Wat dat betreft was het Franse jurylid Claire Gallois, die vorige week hielp de vertaling van Jeroen Brouwers’ Bezonken Rood te bekronen met de Prix Médicis Etranger heel wat oprechter dan de jury van de AKO-prijs. Zij liet de schrijver tijdens de feestelijke prijsuitreiking in Parijs weten het boek vooral te bewonderen omdat ze zelf in een Japans kamp had gezeten. Herkenning was de doorslaggevende reden voor haar waardering geweest, en ze dacht er niet over dat verborgen te houden.
De kracht van de herkenning moet worden genomen voor wat zij is. Niet als enige waarde van de literatuur, spaar me. Literatuur moet nooit als enig doel krijgen de lezer reflectie te bieden op zijn eigen situatie. Boeken kunnen ook inzicht geven in vreemde, andere levens, of meer abstracte thema’s aansnijden. Boeken hoeven ook niets te willen. Maar een boek dat stof biedt tot herkenning moet ook als zodanig gewaardeerd en gerespecteerd kunnen worden.

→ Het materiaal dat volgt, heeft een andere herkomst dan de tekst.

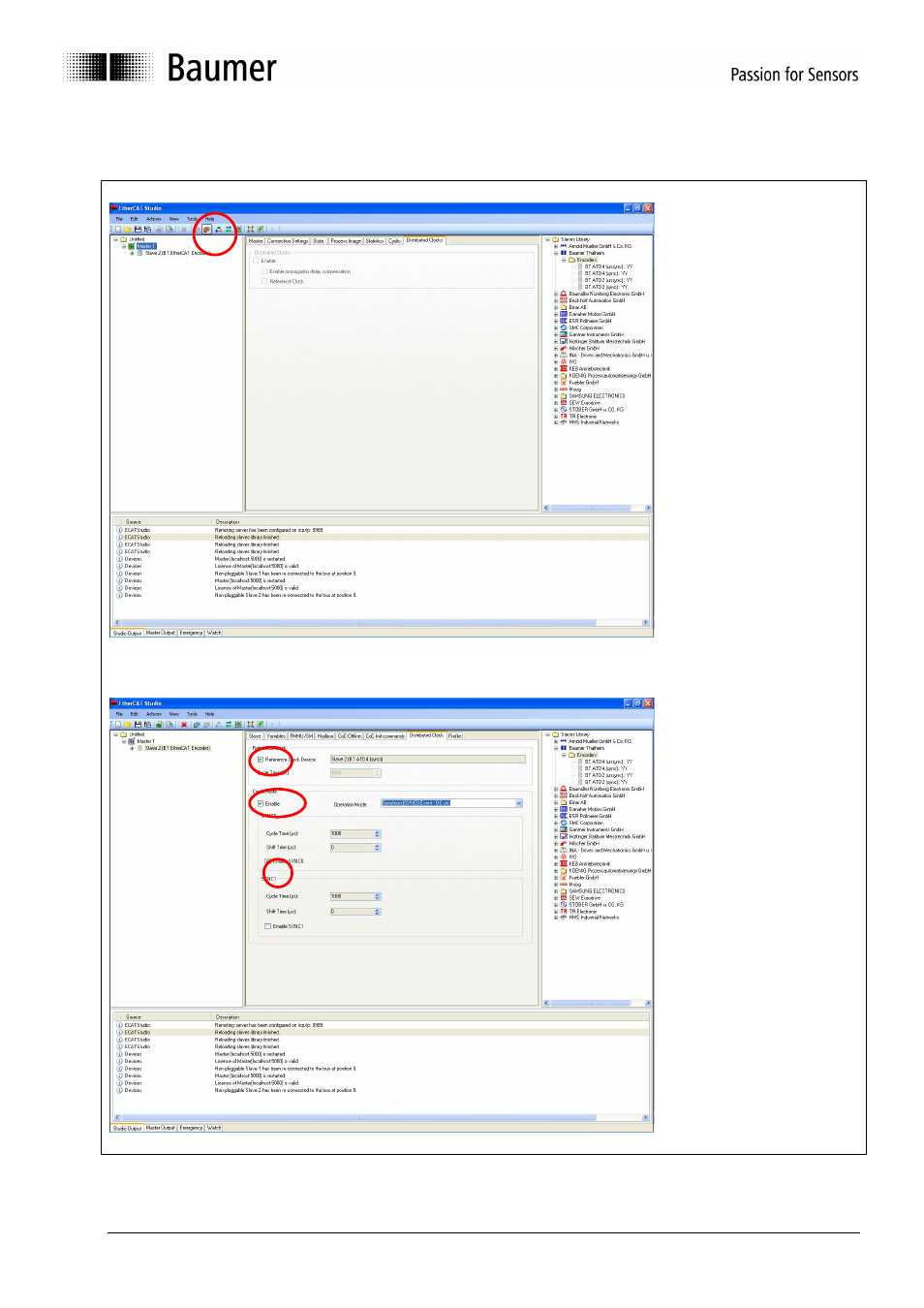 2 distributed clock mode, Istributed, Lock | Baumer ATD User Manual | Page 41 / 42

Daarbij kunnen uiteraard verschillende niveaus van herkenning een rol spelen. Een boek dat alleen maar aanleiding geeft tot zwelgen of tot genot of tot haat, zou ik lager aanslaan dan een boek dat de verschillende kanten van een herkenbaar gevoel uiteenrafelt en waardeert. Ik lees wat dat betreft liever Asbestemming dan Bezonken Rood. Zo lees ik ook liever een goed geschreven herkenbaar boek dan zo’n boek dat slecht is geschreven. Maar dat is eigen aan de literatuur. Geen romans zonder niveauverschillen en het debat daarover.
Net zoals er naast elkaar waardevolle abstracte en niet-abstracte kunst bestaat, zo bestaat er een literatuur die voornamelijk naar zich zelf of naar andere literatuur verwijst en een literatuur die dat niet doet. Het is onrealistisch om er in de literatuur van uit te gaan dat het realistische, het herkenbare altijd bijzaak is.
Verscheen eerder in NRC Handelsblad van 17 november 1995.